Last year, the Peruvian coca eradication agency DEVIDA eradicated more than 10,000 hectares of coca, said to be equivalent to 71 tons of export-quality cocaine. The goal for 2012 is to eradicate 14,000 hectares, and to begin eradication in new areas. (Colombia Reports, March 12; Peruvian Tiimes, March 10; La Republica, March 9; DIPNOTE State Department blog, March 6)
The report charges that Bolivia, Venezuela and Burma “failed demonstrably” last year to adhere to their obligations under international counter-narcotics agreements.
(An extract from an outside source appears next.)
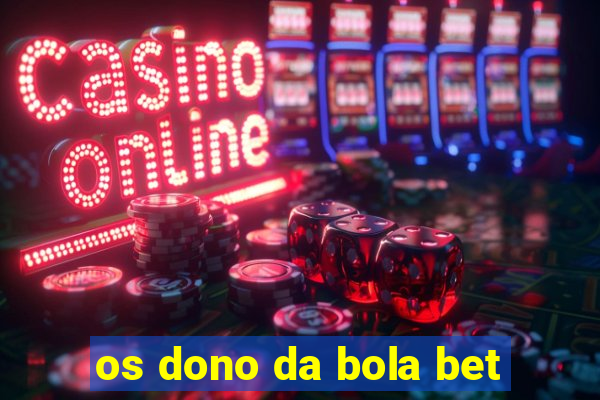 os dono da bola bet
This claim comes after moves by the Obama administration to censure Venezuela and Bolivia for perceived drug war failures. (El Universal, Caracas, March 8) The State Department narcotics reports have repeatedly singled out these nations in recent years.
As the report was released, Bolivia’s President Evo Morales admonished the meeting of the UN Office on Drugs and Crime (UNODC) in Vienna for continuing to ban the coca leaf. Actually brandishing a coca leaf before the august body, Morales said there was no data to show that the coca leaf has adverse effects on human beings. Said Morales: “I call upon you to correct, to repair an error that has gone on for more than 50 years. Because it is only just to recognize legal consumption of coca leaf chewing.” He plugged products such as coca marmalade, as well as the more traditional coca tea.
Morales, who withdrew Bolivia from the Single Convention treaty last year in protest of the coca ban, urged that his country be readmitted to the convention with an opt-out for coca. Some 40,000 Bolivians participated in nationwide public coca chew-in or akulliku in support of their president’s stance. (In 2009, Morales actually chewed coca leaf before the Vienna meeting.)
Morales has raised the area for legal coca cultivation from 12,000 hectares to 20,000. The UN says most coca in Bolivia (31,000 hectares in total) is turned into cocaine for export—mainly to Brazil, where the cities are suffering a crack epidemic. After Morales expelled the US Drug Enforcement Administration, Brazil’s federal police have stepped up joint anti-drug operations in Bolivia. (The Economist, March 17; BBC News, Los Tiempos, Cochabamba, March 12)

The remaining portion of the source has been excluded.